I’d seen the 1954 version starring Judy Garland and James Mason. It’s about a young singer-actress whose star is rising, and whose actor-husband is descending into alcoholism, career suicide, and eventual real suicide. It’s a wrenching story, as well as an awesome musical.
And the WordPress article was also great. This reviewer didn’t just fling around the adjectives “awesome” and “great” …like I did above. She had a robust vocabulary, which is saying something in these days of tweets, texts, emails, and emoticons. She also went into revealing detail about infrequently discussed film topics, like the importance of supporting actors and the use of Technicolor.

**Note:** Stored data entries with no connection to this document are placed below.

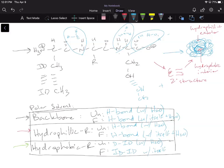To calculate Delta H, we use bonds broken minus bonds formed. For the backbone, we're breaking H-bonds in the unfolded state and forming H-bonds in the folded state, so Delta H is roughly zero. For the hydrophilic R groups, we're again breaking and forming H-bonds, so Delta H is zero. For the hydrophobic R groups, Delta H is also roughly zero — though technically slightly positive since we're forming slightly weaker bonds.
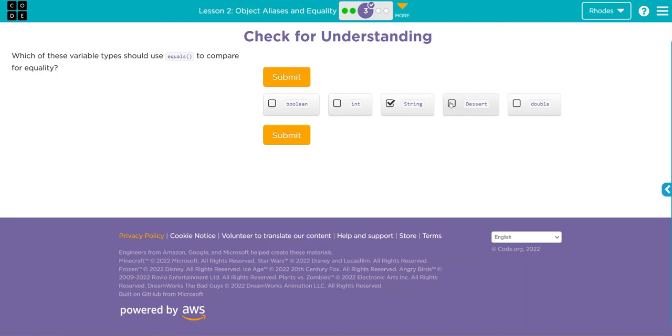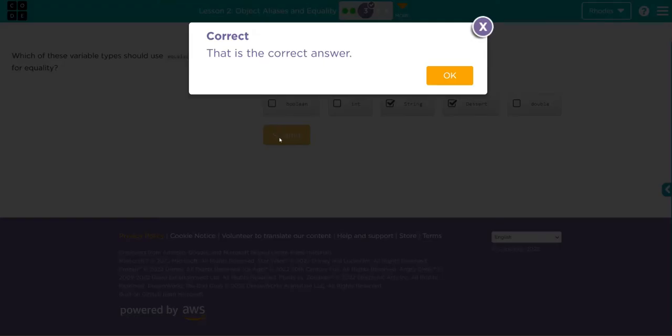Double - primitive type. These two you should use the equals method when trying to compare. Let's see if I'm right, kids! Yay! Hopefully this video helped you understand object aliases and equality a little bit better.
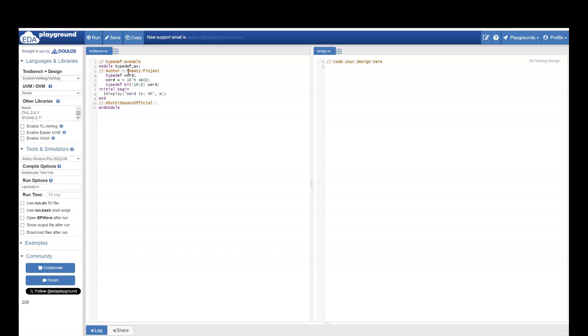Hello everyone, welcome to Sweety Speaks official YouTube channel. In the previous lecture, we talked about a data type in System Verilog, typedef. It helps users to create a data type of their own, which doesn't already exist in System Verilog.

She also stated that the 1954 film used “blackface.” Blackface is a popular topic now, ever since the firing of TV personality Megyn Kelly. For younger readers, or those who might live in Indiana, blackface was the practice of white entertainers painting their faces black and pretending to be African-American. The 1920s Jazz Age entertainer Al Jolson was the most well-known practitioner. By the latter 20th century, the practice had fallen out of favor, and is today considered insensitive, with many calling it racist.

Al Jolson
Anyway, the WordPress reviewer accused the film of having—and I quote verbatim—an “appalling display of racism.” Pretty severe accusation. I’d seen the 1954 version of A Star is Born, and I didn’t remember anything approaching racism. So, I clicked the hyperlink she conveniently provided, which took me to a YouTube clip of Dorothy (Judy Garland) dancing to and singing George Gershwin’s classic “Swanee,” which Jolson had made famous. Although Garland had a chorus of African-American dancers behind her, she was not wearing blackface. Neither was anyone else in the clip…at least, that my strained, macular-degenerative eyes could make out. I didn’t see anything that might remotely be construed as being racist.

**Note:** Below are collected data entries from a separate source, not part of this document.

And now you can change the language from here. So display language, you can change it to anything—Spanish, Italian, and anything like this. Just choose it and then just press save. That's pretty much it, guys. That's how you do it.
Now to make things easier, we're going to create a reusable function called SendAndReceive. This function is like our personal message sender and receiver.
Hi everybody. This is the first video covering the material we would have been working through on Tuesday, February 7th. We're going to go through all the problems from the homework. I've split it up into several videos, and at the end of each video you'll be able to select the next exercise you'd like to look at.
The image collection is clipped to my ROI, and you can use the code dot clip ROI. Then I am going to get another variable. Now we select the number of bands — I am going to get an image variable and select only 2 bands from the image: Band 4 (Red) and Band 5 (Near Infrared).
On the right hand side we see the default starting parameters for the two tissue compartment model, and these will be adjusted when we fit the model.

I thought, How can a scene with a singer-actress (Garland), portraying a singer-actress (Vicki Lester), who performs a legendary 1950s rendition of a popular song, written in 1919, that was loosely based on a song from the 1850s, be considered an “appalling display of racism”? Is it because the song was once done by a white cat wearing blackface? Isn’t that a sociological and chronological leap? Would Rosa Parks have considered Garland’s innocent dance number racist?

Judy Garland, singing and dancing in “A Star is Born”
Controversy is catnip. So, I submitted a reader comment at the bottom of the article. First, I praised the reviewer for her perceptive and well-written piece. Then, I politely took issue with her claim that inclusion of “Swanee” in the movie was racist, and that the movie included blackface. I went into some junk about Al Jolson, which was probably too much information. But I think I stayed close to topic, and was respectful. In other words, I wasn’t my usual arrogant prick.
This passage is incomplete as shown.